Si torna inevitabilmente a Mania, di cui cinque su sei racconti rappresentano, insieme ad altre quattro gemme (Il museo di Reims, I mercanti del tempo, Di legno e di tela, Ritornare a sud) i momenti salienti di questa raccolta: le storie sono costruite come degli stringati ma perfettamente compiuti gialli quasi alla Dürrenmatt e sembrano avere come motore il pensiero e i sensi degli stessi personaggi, che vivono e prevedono lo spiegarsi degli eventi prima che il lettore ne venga a conoscenza. L’udito si fa deus ex machina di un crimine (prima immaginato che agito) in L’orecchio assoluto, il racconto di uno strano imbonitore/venditore di storie fa in modo di inverarsi in Come è adesso, un´ambigua esercitazione militare viene interrogata dai suoi stessi spaesati protagonisti nel mirabile Dillon bay.
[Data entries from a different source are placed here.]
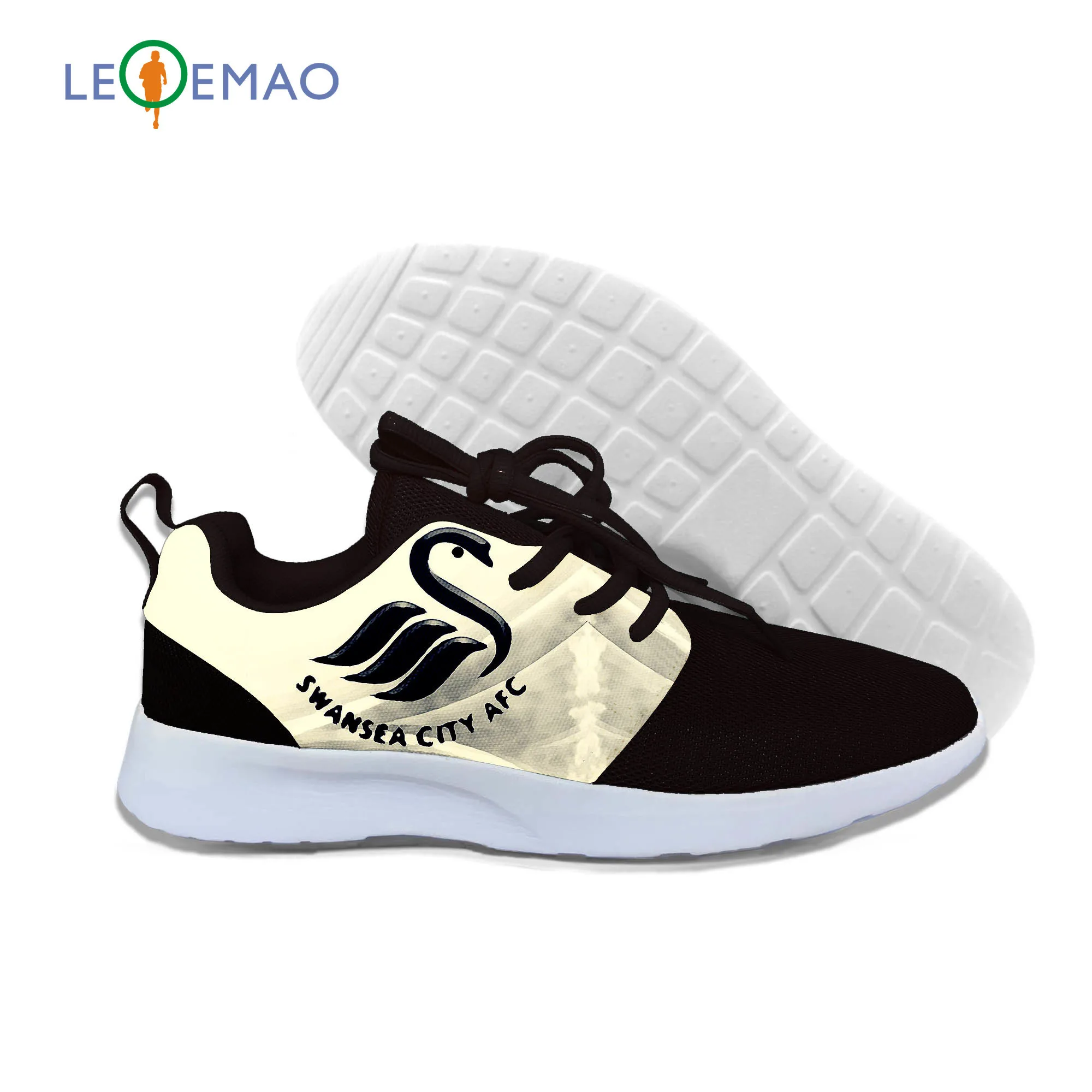 Running shoes swansea Clearance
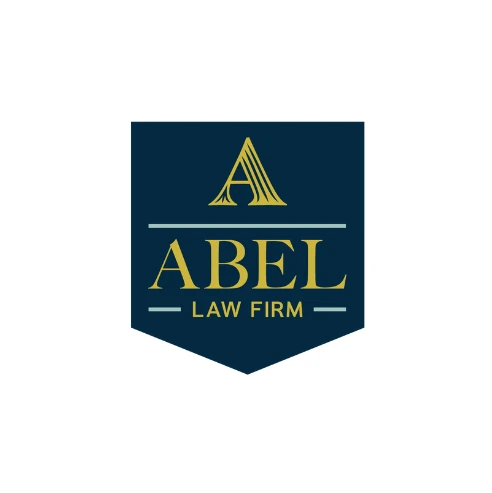 Navigating the Complexities of Medical Malpractice Claims in Tulsa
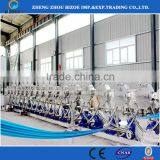 Stainless Steel Equipment Potato Sorting Machine thumbnail-3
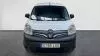 Renault Kangoo Furgón Profesional 1.5 Blue dCi 70kW (95CV)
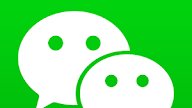 CARA MENDAFTAR/ MEMBUAT WECHAT DI ANDROID & IPHONE
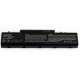 Baterie Laptop Acer Aspire 5535-5452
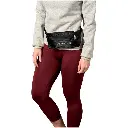 BG-AL-343-B-BG-AL-343-B-STYLE-03_1024X1024.webp
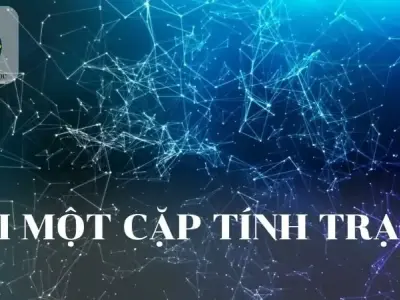 Lai một cặp tính trạng: Khái niệm, đặc điểm và ý nghĩa của chúng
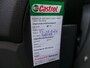 Ford C-Max Focus 1.6 TDCi Futura ( INRUIL MOGELIJK )
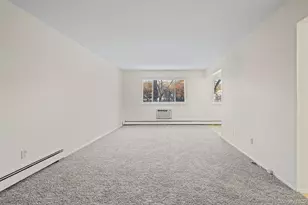 1 Rolling Way, Peekskill, NY 10566 - Photo 7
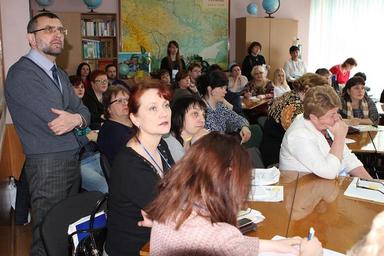 EdCampCherkasy2016-1.jpg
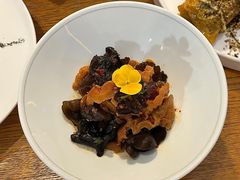 -汝是素(汇一城一区店)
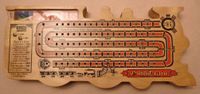 Gold Train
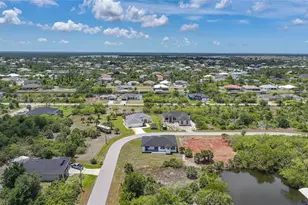 15062 Wichita Rd, Port Charlotte, FL 33981 - Photo 60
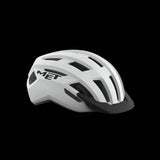 MET Allroad Mips Helmet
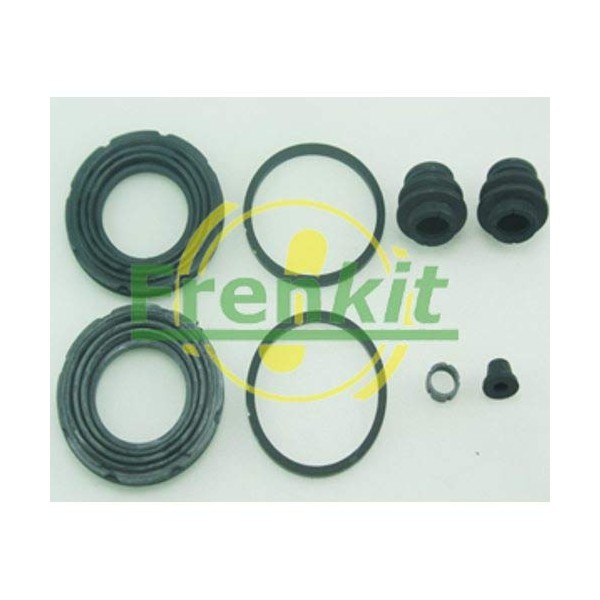 Frenkit Brake Caliper Repair Kit 245043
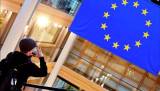 Евросоюз готовится ввести новые санкции против РФ
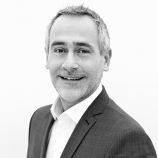 Marcel Pouha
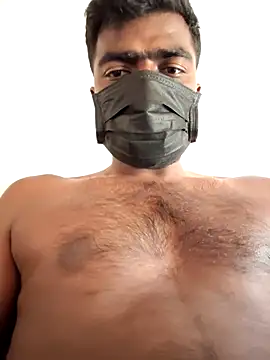 Raja gamer online show from January 8, 6:40 am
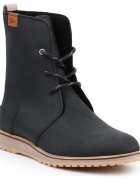 Lacoste Pantofi 34CAW0002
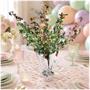 Star Gleam 'N Burst Centerpiece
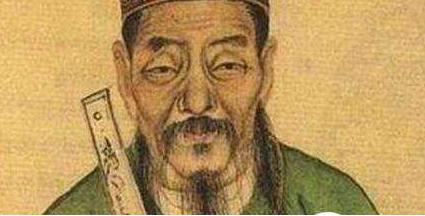 张安世为人如何 他在任期间都做了什么事情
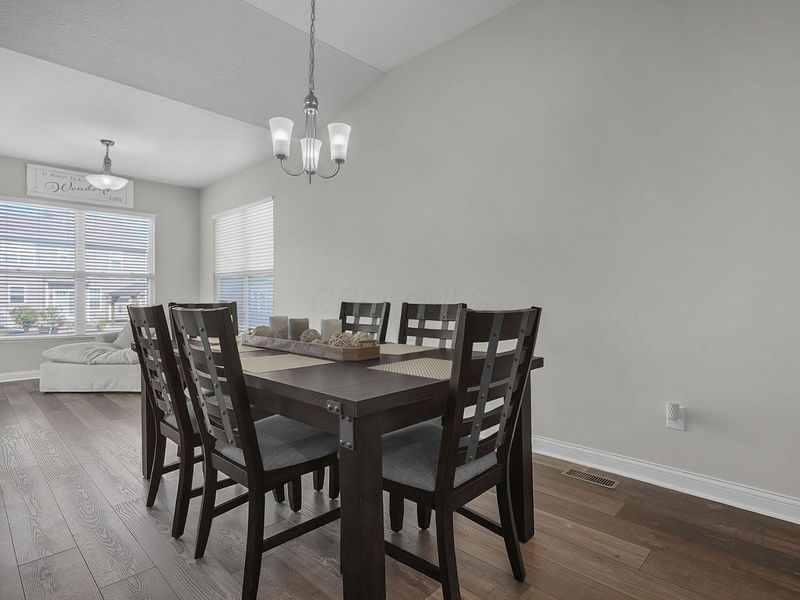 4354 Quail Landing, Powell, OH 43065 Photo 14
In Evil live a Del Giudice – in tempi di Tiscali e di collegamenti lumaca – riesce di scrivere una storia (convincente e ancora attuale) sulla Rete e sui rapporti interpersonali agli albori dell’interazione su Internet. E ancora nei Mercanti del tempo mette in piedi una sorta di mini-romanzo vagamente distopico/fantascientifico in tre atti che davvero starebbe bene nella produzione di un DeLillo, al netto delle differenze stilistiche: la visione di un mondo dove il tempo può essere oggetto di scambio e la fascinosa descrizione di una sorta di asettico supermercato dove viene venduto in varie tipologie e formati può davvero far venire in mente alcune pagine dell’ultimo Zero K dello scrittore newyorkese, il sogno tecnocratico dell’uomo, il desiderio di controllo e possesso, destinato a confrontarsi con gli inevitabili limiti di chi non potrà mai – neanche con l´ausilio delle scienze – battere la morte (perché in fondo si tratta di quello, poter disporre liberamente del tempo come mercanzia, riporta a quell’inevitabile sogno/desiderio).
Del Giudice passa per essere scrittore freddo, probabilmente per un anelito di esattezza nella sua scrittura e per il grande grado di dettaglio applicato ai temi specifici o agli oggetti di cui sopra. Alcune sezioni dei suoi racconti hanno la profondità rapida del migliore saggio divulgativo, si veda l’architettura nel bellissimo racconto Fuga, che peraltro testimonia la versatilità dello scrittore, qui alle prese con una storia napoletana dal basso come ai nostri tempi potrebbe non raccontarla Saviano. È anche questo che lo rende autore umano e umanista, oltre che capace di portare mirabilmente sulla carta gli entusiasmi della scoperta (il volo in Di legno e di tela, una spedizione polare in Ritornare a sud, in ambedue i casi i temi sono stati trattati in maniera più estensiva rispettivamente in Staccando l’ombra da terra e in Orizzonte mobile).
Senza voler sottovalutare la sua produzione romanzesca, credo che proprio da questo volume possa nascere una scoperta o ri-scoperta di Del Giudice che, a dispetto della sua riservatezza e di fasti ormai lontani, è uno di quelli destinati a rimanere nei canoni della nostra letteratura. E non certo (o non solo) da discepolo di Calvino.